4. Vectored Immunoprophylaxis for HIV by Antibody Gene Transfer

Despite the tremendous success in identifying and characterizing bnAbs against HIV, a formidable challenge remains in designing appropriate forms of immunogens to elicit these antibodies through vaccination [3,78,108]. Passive immunization by antibody infusion showed promising results for HIV protection in macaque monkeys, but this type of long-term repeated treatment is too expensive, making it impractical for broad implementation in humans. Thus, vectored immunoprophylaxis (VIP), which involves a single injection of AAVs for in vivo delivery of genes encoding bnAbs, is an attractive alternative and enables continuous and sustained delivery of antibodies to prevent HIV infection. Two recent studies in animal models have demonstrated that VIP against HIV is feasible [19,20], paving the way for further clinical testing in humans.

4.1. VIP against HIV in Mice

To test VIP against HIV in mice, Baltimore and coworkers at the California Institute of Technology constructed AAV8 vectors encoding the full-length of one of bnAbs (b12, 2G12, 4E10, 2F5 and VRC01) [19]. In a pilot test, it was found that a single injection of AAV8 could achieve peak antibody production in serum at week 6. The expression decreased by 2- to 3-fold in the following weeks, but was then stably maintained for the duration of the study (64 weeks). Although the long-term expression was encouraging, the 4E10 antibody titer in serum is modest (~5 μg/mL) and therefore might not be sufficient for HIV protection. A series of optimizations were carried out to develop an improved antibody expression configuration in muscles. After testing several promoters, the authors created a new hybrid promoter, designated CASI, which combined the enhancer of the cytomegalovirus immediate early promoter (CMV), the β-actin promoter, and the enhancer of ubiquitin C (UBC) promoter flanked by a splicing donor and acceptor. In vivo expression analysis confirmed that CASI performed better than the conventional promoters tested. Incorporation of the woodchuck hepatitis virus posttranslational regulatory element (WPRE) [109] improved in vivo expression of luciferase nearly 10-fold. The authors also optimized the configuration of the antibody transgene by codon-optimization of F2A, replacing the endogenous signal sequences with codon-optimized sequences derived from human growth hormone and removing the potential of inappropriate splicing sequences [110]. The final optimized AAV8 vector could mediate in vivo delivery of antibody b12 at a level that was 100-fold higher than that of non-optimized vector after a single injection of the gastrocnemius muscle [19].
With the optimal vector in hand, the authors administered immunodeficient mice (NOD/SCID/γc strain, or NSG) with bnAb-encoded AAV8. When stable antibody production was reached (6 weeks), NSG mice were transplanted with human peripheral blood mononuclear cells (PBMCs).
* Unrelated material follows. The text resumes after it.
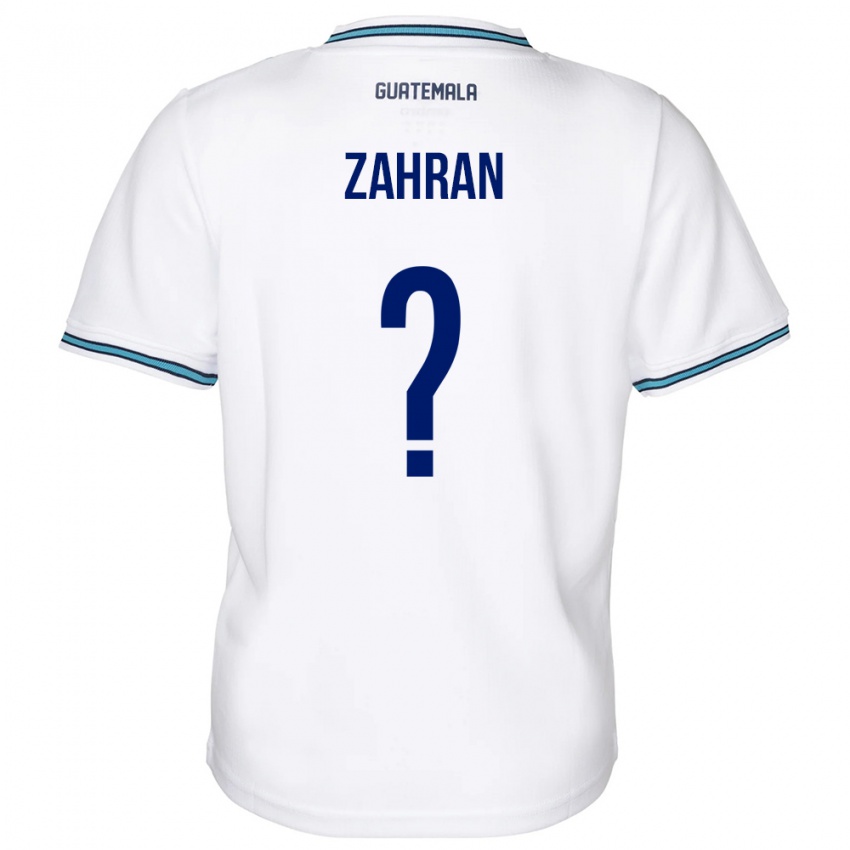 Niño Camiseta Guatemala William Zahran #0 Blanco 1ª Equipación 24-26 La Camisa México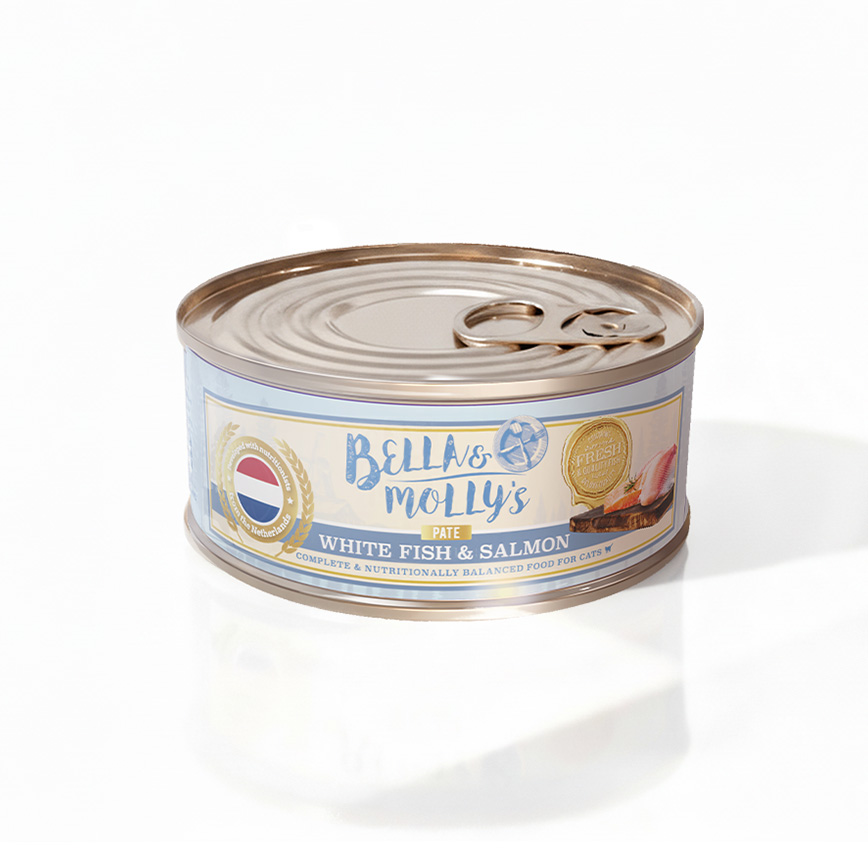 Bella&Molly's 白魚三文肉醬 80g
After engraftment for 2 weeks, mice were challenged with intravenous injection of the NL4-3 strain of HIV and monitored by the extent of CD4 depletion and the level of HIV p24 in tissues. Among the first-generation bnAbs, b12 (over 100 μg/mL) was the only antibody that afforded full protection, whereas 2G12 (~250 μg/mL), 4E10 (~25 μg/mL), and 2F5 (~25 μg/mL) yielded partial protection. In fact, AAV8-mediated expression of b12 was so potent that it could protect against HIV challenge at doses (125 ng) 100-fold higher than necessary to deplete CD4 T cells in control animals without b12 expression. The authors also tested the delivery of a second-generation bnAb, VRC01, by AAV8 in the same animal model and compared its potency with b12. Although their expression was similar, VRC01 could provide full protection against HIV challenge (10 ng) at a titer of 8.3 μg/mL, while a higher titer of b12 (34 μg/mL) was needed for equal protection, demonstrating in vivo that VRC01 is a superior antibody for AAV-mediated gene transfer to fight against HIV.
Since the publication of this work, the Baltimore team has performed more experiments, and some of the most recent results were presented in a satellite symposium at the AIDS Vaccine 2012 Conference [23]. Most human infections by HIV are through the mucosal surface; consequently, HIV needs to transport across many mucosal barriers for a successful infection [111]. New studies indicated that initial infection usually involves only one or a handful of founder viruses [112,113,114]. Baltimore and colleagues performed VIP to mice to express b12 or VRC01, followed by intravenous HIV challenge with the REJO.c transmitted founder strain. It was observed that VRC01, but not b12, could provide substantial protection. This study not only confirms the superiority of VRC01, but also demonstrates that (1) founder viruses are not resistant to neutralization and (2) the newer generation of bnAbs can neutralize them in vivo. In order to model HIV transmission more closely to humans, the Baltimore group adapted a humanized BLT (bone marrow-liver-thymic chimeras) mouse system for VIP testing, in which a low dose, intravaginal challenge of HIV could be implemented. The BLT mice were highly resistant to the intravaginal challenge of a laboratory HIV strain, JR-CSF, after mice were given VIP to express VRC01 or an engineered, more potent VRC01-like antibody, VRC07G54W. Despite 15 repetitive exposures to the virus, 5 out of 8 VRC01-expressing mice and 12 out of 12 VRC07G54W-expressing mice had no detectable level of HIV. For the two infected mice, the infection occurred at a much later phase of the repetitive challenge. More striking results were observed when the REJO.c transmitted founder strain was used to intravaginally infect mice given VIP to express VRC07G54W. All mice were protected with no detectable viral load by a PCR-based viral load assay. This series of experiments on BLT mice demonstrate that VIP can afford protection from mucosal HIV transmission and that VIP can allow for the delivery of not only natural antibodies, but also engineered antibodies, such as VRC07G54W.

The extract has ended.